Understandably, “we get excited and think we’ve turned a corner,” he said. “I have to remind the people I work with that we need to be cautiously optimistic, because what if a year from now their weight goes up? Then we know it wasn’t our interventions. It was something else.”

Curbing childhood obesity is a public health emergency. More than a third of children across the county are overweight or obese.The numbers prompted the local Empire Health Foundation to invest $1 million in an obesity prevention initiative with six area school districts to reverse the trend. Efforts in those schools include a change to cooking school lunches from scratch, said Sarah Lyman, a senior program associate for strategic grant programs.

Cheney High School sophomore Travis Williams said he never thought the project would work. “Kids are lazy,” said Williams, adding that he also fits that description.

His experience over the course of two years, however, has proven him wrong. “I remember I lost 10 pounds in the span of a month. I remembered how light I felt. I was running, and I was able to run faster and faster.”

Williams has now lost 45 pounds.

Cheney began its partnership with the Empire Health Foundation two years ago.

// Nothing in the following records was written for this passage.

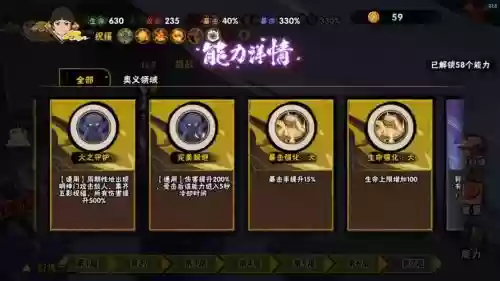 忍者之神阵容搭配插图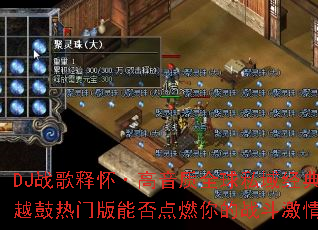 DJ战歌释怀·高音质全球私域经典越鼓热门版能否点燃你的战斗激情? DJ战歌释怀·高音质全球私域经典越鼓热门版能否点燃你的战斗激情?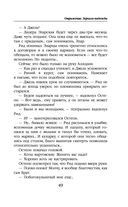 Отражение. Зеркало надежды — фото, картинка — 48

East Valley School District and The Community School in Spokane partnered with the organization last fall. Students in those schools are losing some weight too, Lyman said, “but there’s still more work to do” in all three locations.

From-scratch school lunches include teriyaki chicken with rice instead of a corn dog or cheeseburger. Baked chips and pretzels have replaced greasy potato chips in middle and high school vending machines. Lessons about why certain foods are healthy are being taught in the classroom. Exercise programs and activities are incorporated into recesses and class time.

Cheney sophomore Michael Ferguson said at first the new foods left him unsatisfied, “but now I can get as many fruits and vegetables as I want, which is what I was supposed to be getting, and that fills me up.”

Nationally, more than 31 percent of youths age 10 to 17 are overweight or obese, studies show. The National Survey of Children’s Health places Spokane County and Washington rates each around 25 to 26 percent.

The foundation is committed to working on this issue for at least one more year and possibly four additional years, Lyman said.

Martin, of the Cheney district, said the changes have to go beyond school meals.

Water and 100 percent fruit juices have replaced sugary sodas in vending machines. For classroom parties, healthy options are encouraged, such as smoothies or veggies for dipping or fruit kabobs, Martin said. Recess is more structured, with games that kids of all athletic abilities can play at least twice per week.

At the high school level, the foundation helped buy 22 new exercise machines for a cardio center. The machines are being used before and after school as well as in some physical education programs.

“The cardio room is awesome,” Ferguson said.

Spokane Youth Sports Association will partner with Cheney School District at three of the five elementary schools to offer after-school activities such as soccer, track or Zumba, Martin said.

Also, the district received a federal Farm-to-School grant to buy local produce to feature each month. In addition to children having the opportunity to eat local food, they’ll learn about the food in the classroom, and recipes featuring the item are being sent home.

Health officials will only know over an extended period of time if what they are doing is making a difference in the students’ weight.

“There’s enough information that tells us we should continue the interventions, but it will take interventions in other school districts to see if this is working,” Daratha said. That’s one reason why the foundation is working with numerous schools and districts in the region.

“The intent is to follow students for several years, so we can answer some of the questions about sustained change and the health of the child,” he said. “That’s the potential here. It could be really quite dramatic.”